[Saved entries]
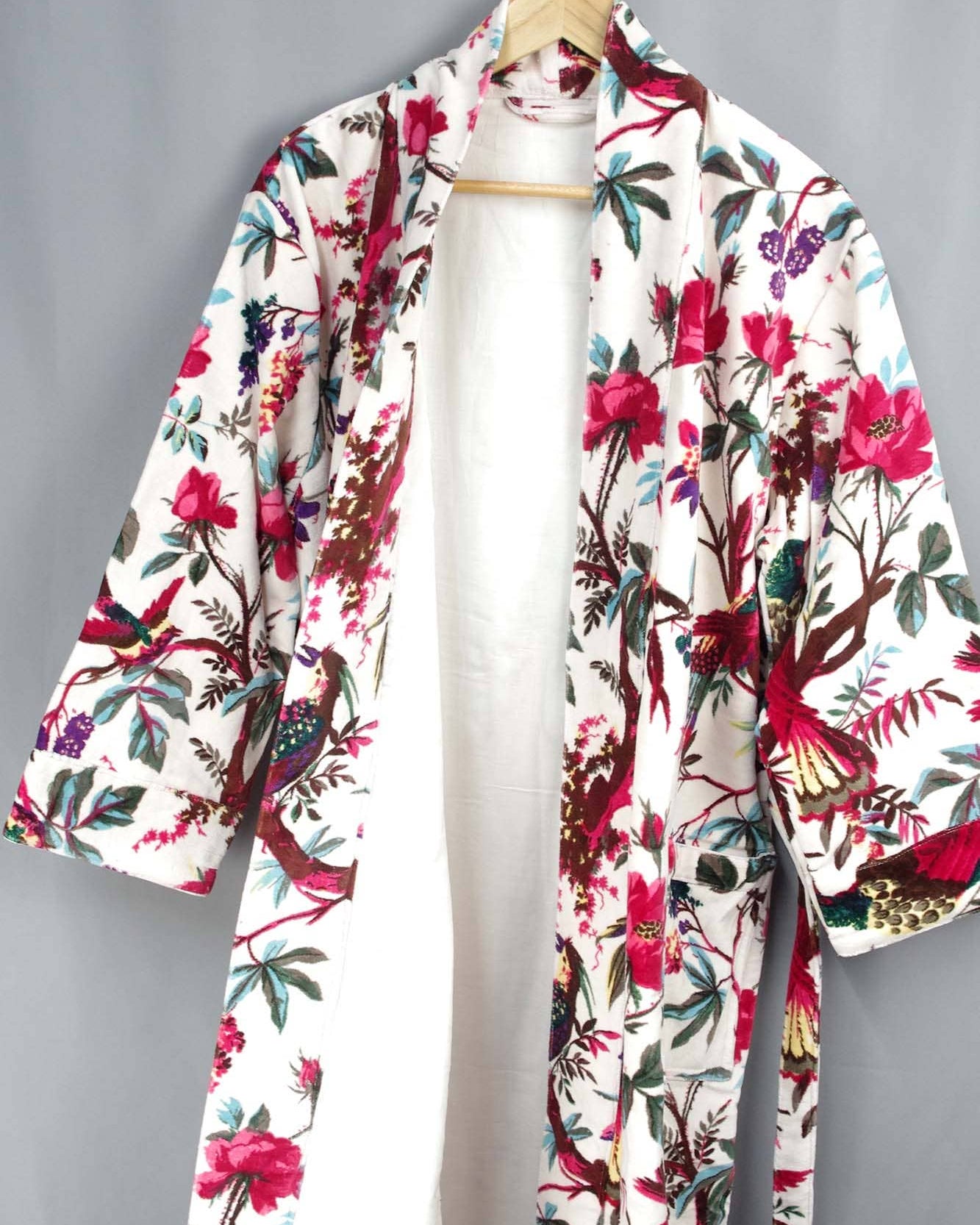 White Velvet Kimono With Tropical Flower Print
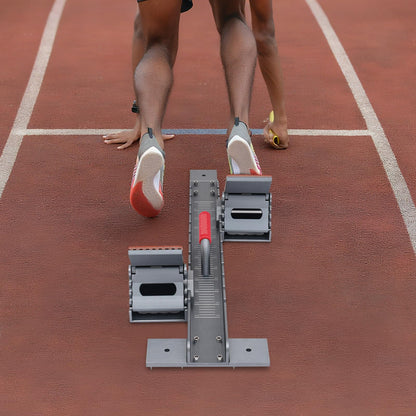 Starting Block, Running Starting Blocks Aluminum Alloy Running Track Blocks Adjustable Multi-Function Lightning Starting Block Sprinter Pedals w/3 Long Nails for Plastic Runway Cinder Track Back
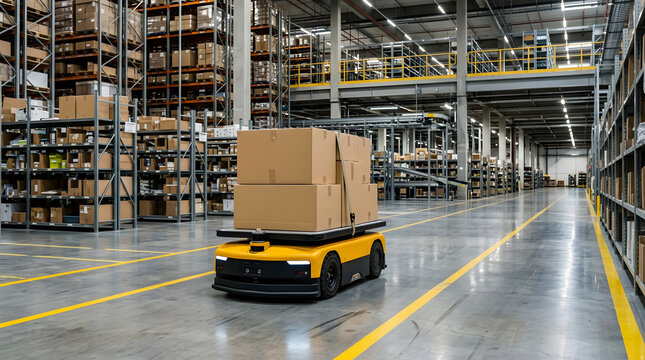Autonomous mobile robot carrying large cardboard boxes through a modern industrial warehouse with tall storage racks and yellow floor markings
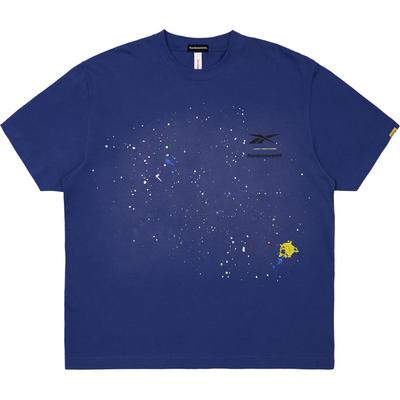 Crew Neck Pullover Short Sleeve T-Shirt Unisex Tops Royal-Blue 24SRL401UGBB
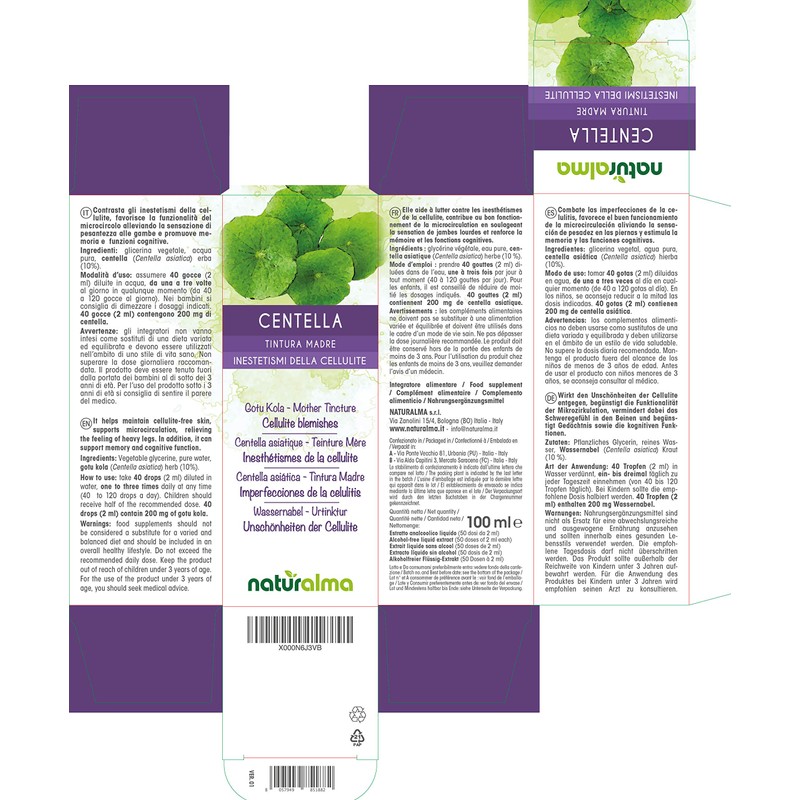 Gotu kola (Centella asiatica) herb Alcohol-Free Mother Tincture Naturalma |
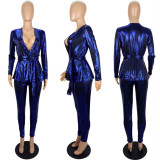 Fashion gilding cloth long sleeve suit with belt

PROBLEM TO SOLVE.
The expected output is an exact copy of the lines from the one with "Gotu kola (Centella" to the final line of the entries above, pictures excepted; please include both ends.

RESULT OF THE EXERCISE.
 Gotu kola (Centella asiatica) herb Alcohol-Free Mother Tincture Naturalma |
 Fashion gilding cloth long sleeve suit with belt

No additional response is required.